An accurate characterization of the temporal distribution in primary emissions is essential for air quality modeling. This study evaluates the impact of replacing the default temporal profiles in the Copernicus Atmosphere Monitoring Service (CAMS) European air quality multi-model ensemble with an updated dataset (CAMS-REG-TEMPO). The sensitivity of 11 regional models and the ensemble to these changes is assessed by comparing modeled and observed monthly, weekly, and diurnal cycles of nitrogen dioxide (NO2), ozone (O3), coarse particulate matter (PM10), and fine particulate matter (PM2.5) across Europe.

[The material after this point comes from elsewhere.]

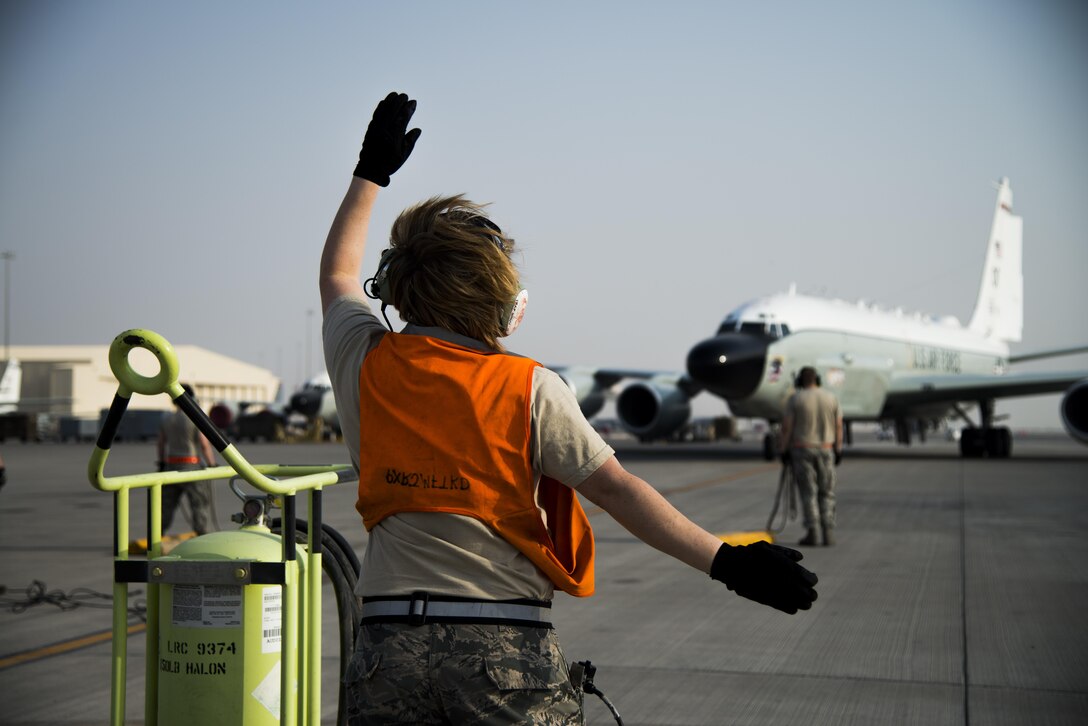 Members of the 379th Expeditionary Aircraft Maintenance Squadron marshal an RC-135 Rivet Joint surveillance aircraft into position July 24, 2015 at Al Udeid Air Base, Qatar. The RC-135 Rivet Joint aircraft has maintained a constant presence in Southwest Asia since the early 1990s. The aircraft and crew are deployed from Offutt Air Force Base, Neb. in support of Operation Inherent Resolve and Operation Freedom’s Sentinel. (U.S. Air Force photo by Tech. Sgt. Rasheen Douglas)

NO2 shows the greatest improvement, with weekly cycle correlations increasing up to +0.17 due to better road transport emissions representation. PM10 correlations improve in winter (up to +0.13 weekly and +0.07 diurnal) due to refined residential wood combustion emissions. PM2.5 correlations remain largely unchanged, except for diurnal cycles, which improve in winter (+0.18) but slightly degrade in spring and summer (−0.02). O3 is the least affected, as correlations were already high with default profiles (0.9–0.95). For some species and timescales (e.g., NO2 diurnal cycles), results vary across models, highlighting the complex interactions between emission timing and atmospheric processes. CAMS-REG-TEMPO has little effect on annual RMSE and bias, aside from slight improvements in high PM10 concentrations. Overall, the findings support implementing CAMS-REG-TEMPO in the operational CAMS multi-model ensemble.